La Bundesbank prévoit une croissance modérée de l'économie allemande au troisième trimestre, soulignant que la sécheresse et le bas niveau des cours d'eau ralentissent les livraisons, entraînent une hausse des coûts de transport et menacent la production industrielle, moteur historique de la reprise.
Un effet domino sur la production et les exportations
Selon les analyses de la banque centrale allemande, la baisse des niveaux d'eau des voies navigables complique le transport de marchandises par barge, ce qui augmente les coûts logistiques et allonge les délais de livraison. Cette situation peut conduire à une fléchissement de la production industrielle, et donc exercer une pression négative sur la croissance.
Les exportations, qui ont contribué à la reprise ces derniers mois, sont également exposées : un réseau fluvial moins praticable limite les capacités d'acheminement des biens vers les ports et les marchés européens, réduisant d'autant la compétitivité des entreprises manufacturières.
Conjonction de facteurs défavorables pour la demande interne
La Bundesbank note par ailleurs que les coûts élevés de l'énergie et une inflation en hausse freinent la consommation des ménages. Moins de pouvoir d'achat pèse sur la demande intérieure, ce qui complique la transition d'une croissance tirée par l'extérieur vers une dynamique plus équilibrée.
- Sécheresse et niveaux d'eau bas : ralentissement des livraisons, hausse des coûts de transport.
- Production industrielle : risque de recul lié aux contraintes logistiques.
- Exportations : vulnérables au bas niveau des cours d'eau.
- Consommation des ménages : comprimée par l'énergie chère et l'inflation croissante.

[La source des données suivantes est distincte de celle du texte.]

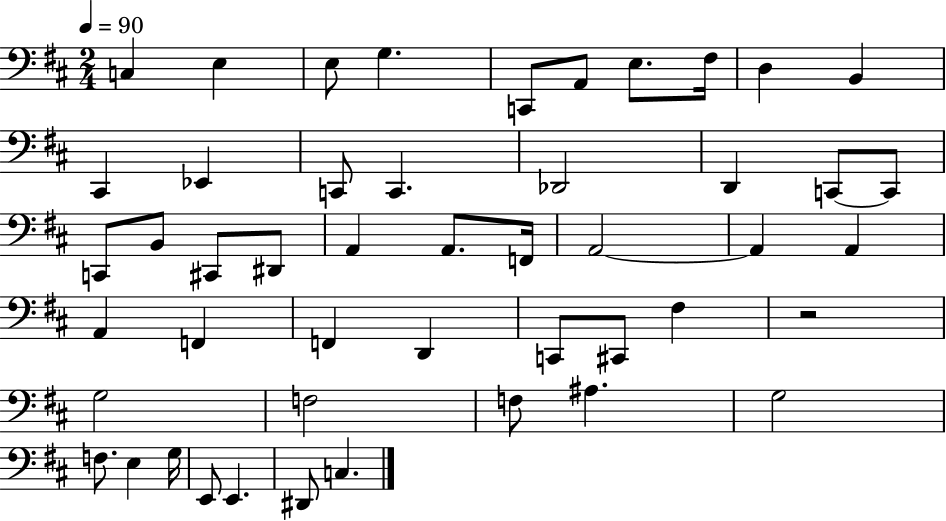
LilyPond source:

Une situation contrastée sur le premier semestre
Malgré ces risques, la Bundesbank souligne que l'économie allemande s'est mieux comportée qu'attendu au premier semestre, y compris dans un contexte géopolitique perturbé par le conflit au Moyen-Orient. Les chiffres provisoires cités indiquent une croissance de +0,2 % au deuxième trimestre, après +0,4 % au premier trimestre.
| Période | Croissance (préliminaire) |
|---|---|
| 1er trimestre | +0,4 % |
| 2e trimestre | +0,2 % |
Quelles conséquences pour la Belgique ?
Pour la Belgique, voisine et partenaire commercial majeur de l'Allemagne, ces signaux présentent des implications concrètes. Une moindre production et des exportations allemandes plus faibles peuvent réduire la demande de biens belges orientés vers l'industrie et la logistique. Par ailleurs, l'impact de la sécheresse sur le transport fluvial peut également affecter les corridors logistiques européens empruntés par des opérateurs belges, entraînant :
- une hausse potentielle des coûts de transport pour les entreprises dépendantes des voies navigables ;
- des délais supplémentaires pour les chaînes d'approvisionnement, pesant surtout sur les PME et les indépendants aux marges serrées ;
- une pression supplémentaire sur l'inflation importée via l'augmentation des coûts logistiques.
Du point de vue des ménages, la combinaison d'énergie coûteuse et d'inflation persistante signifie un pouvoir d'achat contraint. Moins de consommation privée peut se traduire par une baisse des ventes pour le commerce et les services en Belgique, particulièrement si la zone euro dans son ensemble ressent le ralentissement allemand.
Perspectives et incertitudes
La Bundesbank se montre prudente : si la croissance a résisté au premier semestre, l'évolution des ressources hydriques, le niveau des prix de l'énergie et la trajectoire de l'inflation demeurent des facteurs déterminants pour la suite de l'année. Toute détérioration de ces éléments pourrait transformer une reprise modeste en une croissance encore plus atone au troisième trimestre.
Pour les entreprises et décideurs belges, la vigilance reste de mise : adapter la logistique, sécuriser les approvisionnements et suivre l'évolution des coûts énergétiques seront des priorités pour limiter l'impact d'un éventuel ralentissement allemand sur l'économie nationale.